Penuh retorika – kalau tidak bisa dibilang sandiwara politik – para anggota parlemen merasa bahwa solusi gizi buruk anak-anak malang tersebut cukup diatasi dengan interpelasi alias penggunaan hak bertanya mereka. Tidak lebih dari itu. Tidak ada upaya yang lebih serius dan pengamatan lebih mendalam, kenapa ada keluarga – berbulan-bulan – tidak mampu memenuhi kebutuhan yang paling dasar sekalipun. Kenapa di sudut-sudut desa dan kota yang kumuh, anak-anak harus menderita dan mati kelaparan.

Boleh dibilang para anggota parlemen sudah cukup puas hanya lantaran interpelasi mereka ditanggapi pemerintah. Padahal jawaban pemerintah juga penuh retorika dan tidak banyak menyentuh persoalan dasar.
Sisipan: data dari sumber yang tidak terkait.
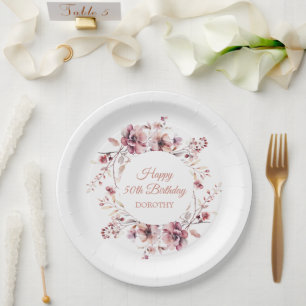 Personalisierter Burgundy Pink Blüte 50. Geburtsta Pappteller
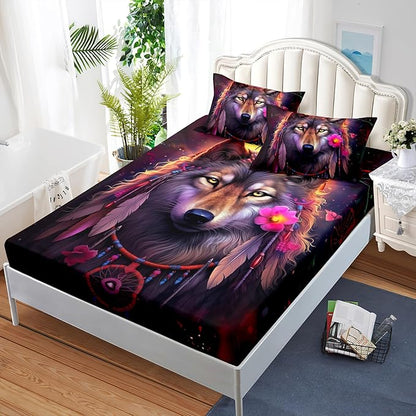 AILONEN Wolf Dream Catcher Fitted Sheet Set Queen Size, Wildlife Wolf Bed Sheet Set,Safari Animal Moon Wolf Fitted Sheet and 2 Pillowcases,3 Pieces(Boys/Men/Kids/Teens)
Masalah yang mesti diatasi adalah ribuan balita di seluruh penjuru negeri tergeletak tak berdaya dan mati mengenaskan lantaran busung lapar.

Memang paling mudah mencari dalih. Kambing hitam satu: warisan masa lalu. Dan kambing hitam dua: ketidakberdayaan pemerintah mengatasi hambatan politis dan teknis.

Seperti yang terjadi pekan lalu (7/3) di depan sidang paripurna DPR, Aburizal Bakrie, konglomerat yang dipercaya menjabat Menko Kesra, berbicara tentang terjadinya gizi buruk yang dia kaitkan dengan warisan masa lalu, otonomi daerah, dan lumpuhnya sarana dan prasarana pelayanan. Di sisi lain, reaksi para anggota parlemen yang dipilih oleh sebagian besar pemilih miskin itu, kebanyakan hanya basa-basi, tanpa tindak lanjut.

Advertisement

Lantas apa hasil konkrit dari penggunaan hak interpelasi DPR? Nonsen. Kecuali kegalauan yang muncul di media massa, mempersoalkan ketidakhadiran Presiden Susilo Bambang Yudhoyono untuk menjelaskan langsung kepada para wakil rakyat tentang kemelut busung lapar dan penyakit polio, dua sisi suram yang sangat melekat dengan keseharian masyarakat miskin.

Rasanya setelah negeri ini merdeka 61 tahun, semakin banyak orang jatuh miskin, menyentuh angka hampir 100 juta jiwa. Ini yang membuat mereka tak mampu memenuhi standar gizi, tinggal di rumah yang layak, merawat kesehatan, dan mendidik anak-anak mereka.

Semestinya, selama rentang waktu tersebut, negara sudah mampu memberi rakyatnya lapangan kerja dengan penghasilan yang memadai, pendidikan, dan perawatan kesehatan secara cuma-cuma. Yang terjadi malah sebaliknya. Indonesia malah tersingkir dari kelompok negara-negara berkembang dan terjerembab ke dalam kelompok negara-negara miskin.

Akibatnya, ribuan calon tenaga kerja wanita dan anak-anak mengalir dari Jawa, Madura, NTB, NTT, dan Kalimantan Barat, masuk secara gelap ke Brunei Darussalam, Sabah, dan Serawak. Di sana mereka dijanjikan pekerjaan yang tidak bisa disediakan oleh pemerintah. Negeri ini menjadi tidak bermartabat, bahkan di depan mata negeri-negeri serumpun.

Muak hidup miskin turun-temurun dan bertekad mengubah nasib, mereka pun tergiur rayuan dan janji muluk para calo. Banyak yang masuk perangkap perdagangan manusia, terjerat perdagangan seks, dan perbudakan anak-anak. Risiko ini mereka ambil juga supaya tidak menderita kelaparan di negeri sendiri.

Agaknya, peribahasa: “hujan batu di negeri sendiri lebih baik daripada hujan emas di negeri orang,” tak lagi berlaku bagi mereka. (red/BeritaIndonesia)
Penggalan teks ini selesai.